The announcement comes weeks after news of two additional deals with other chip companies last month. Nvidia announced that Openai will have access to 10 gigawatts of high-power GPUs, along with a $100 billion investment from the chipmaker. Openai plans to collaborate with Broadcom next year to create its first AI chip. Openai also signed a deal with Oracle for AI Compute in July worth more than $300 billion over five years.

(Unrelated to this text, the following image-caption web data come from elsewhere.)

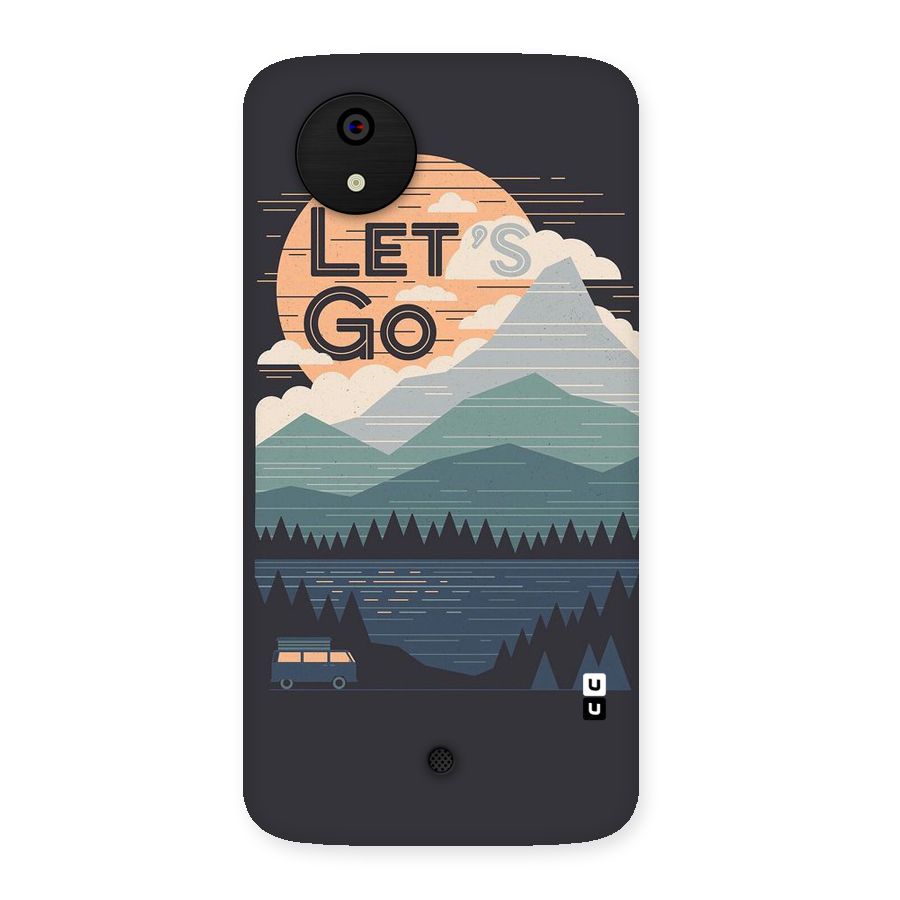 Abstract Travel Back Case for Micromax Canvas A1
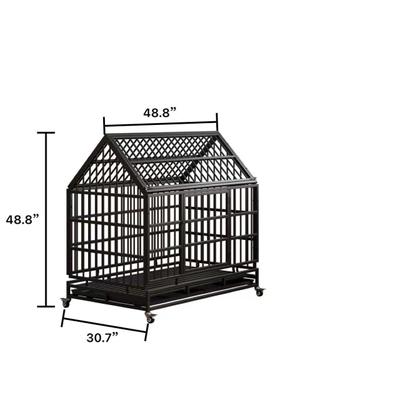 Show full view: Cesicia Wheeled Metal Dog Crate slide 6 of 7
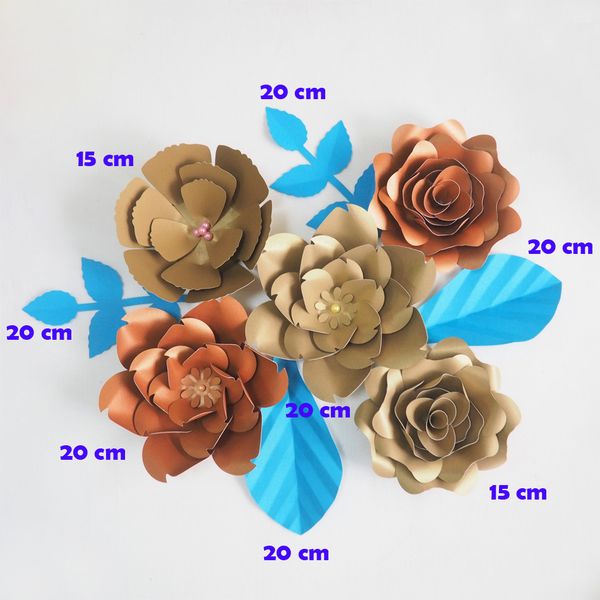 diy giant paper flowers artificial rose fleurs artificielles backdrop 5pcs+ 4 leave wedding party decor nursery mix gold copper
diy giant paper flowers artificial rose fleurs artificielles backdrop 5pcs+ 4 leave wedding party decor nursery mix gold copper
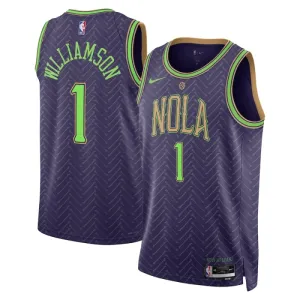 Maillot Homme New Orleans Pelicans Zion Williamson City Edition 2024-25 Violet Swingman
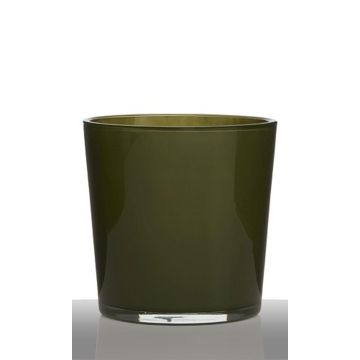 Glaskruka ALENA, mörkgrön, 19cm, Ø19cm Glaskruka ALENA, mörkgrön, 19cm, Ø19cm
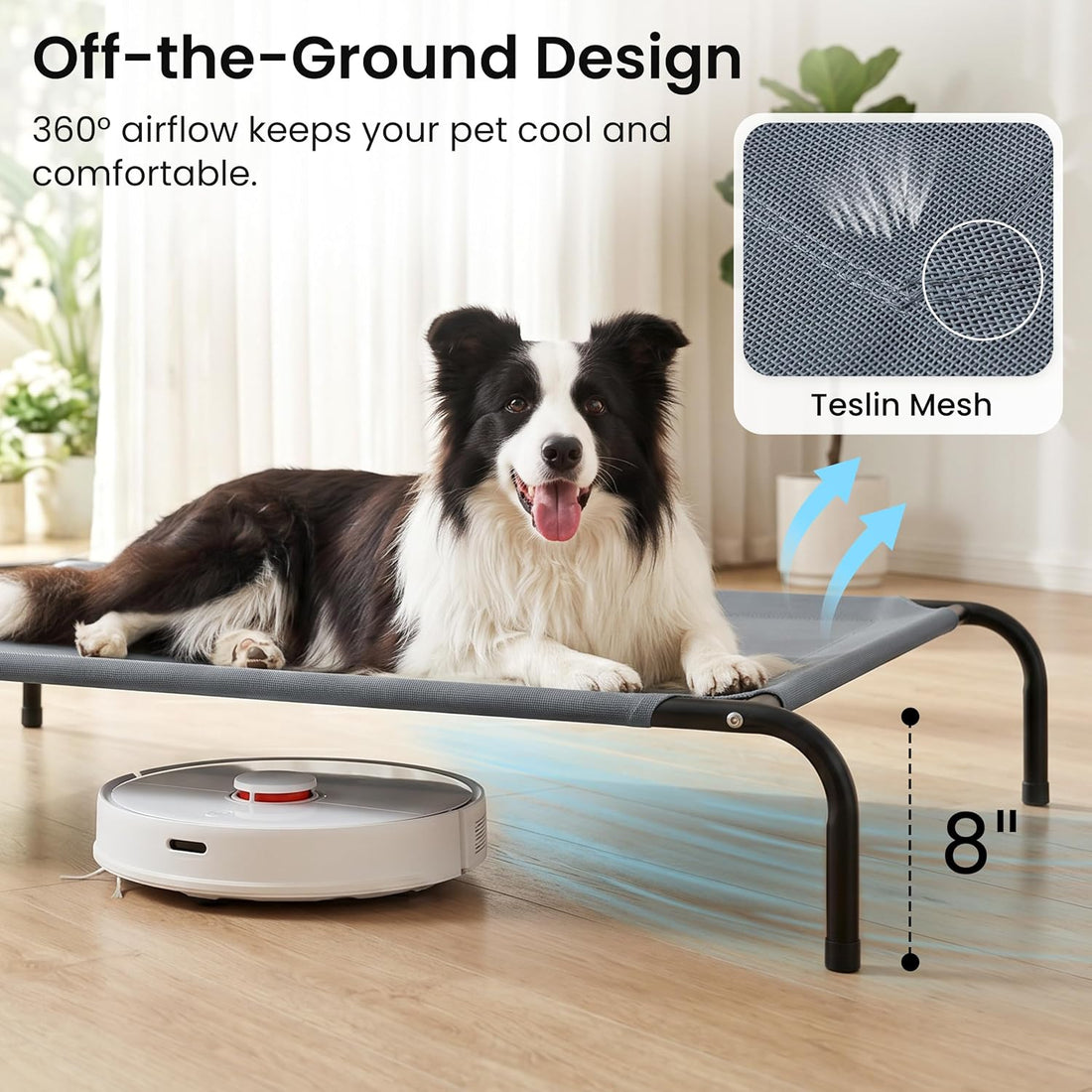 Love's cabin Elevated Cooling Dog Bed for Large Dogs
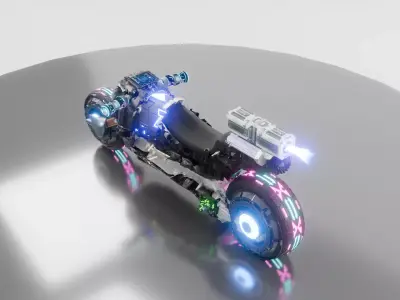 sci fi motorcycle 3D model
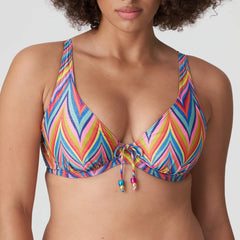 Primadonna Swimwear - Kea Half Padded Plunge Bikini Top 4010819 - Rainbow Paradise
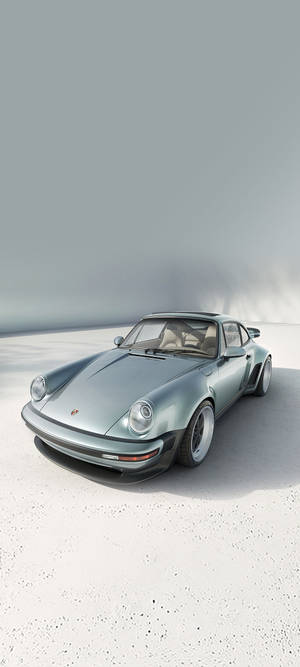 Gümüş Porsche 911 — Pixel 10 Duvar Kağıdı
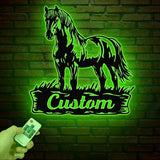 Horse Ranch Sign, Metal Farm Sign, Ranch Sign, Farm Sign, Personalized Farm Sign, Farming Signs, Custom Horse Sign, Gift For Her, Home Decor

The surge in deals shows how Openai has become a dominant force in the chip industry and that Altman is thinking long-term about his company’s access to the hardware so important in the AI race.
Here’s why Openai CEO is spreading a pile of investor cash among shipmakers.
At least 2 chip race
Nvidia has become the main seller of AI Gold Rush picks and shovels. Its AI chips are the most widely used by AI companies across the AI ecosystem.
That advantage has made Nvidia the world’s most valuable company and placed it in a powerful position to dictate terms with customers. For years, Openai has relied heavily on Nvidia GPUs accessed through Microsoft’s Azure Cloud. Monday’s deal not only sells, but also points the way for AMD to expand its AI technology beyond its current limitations.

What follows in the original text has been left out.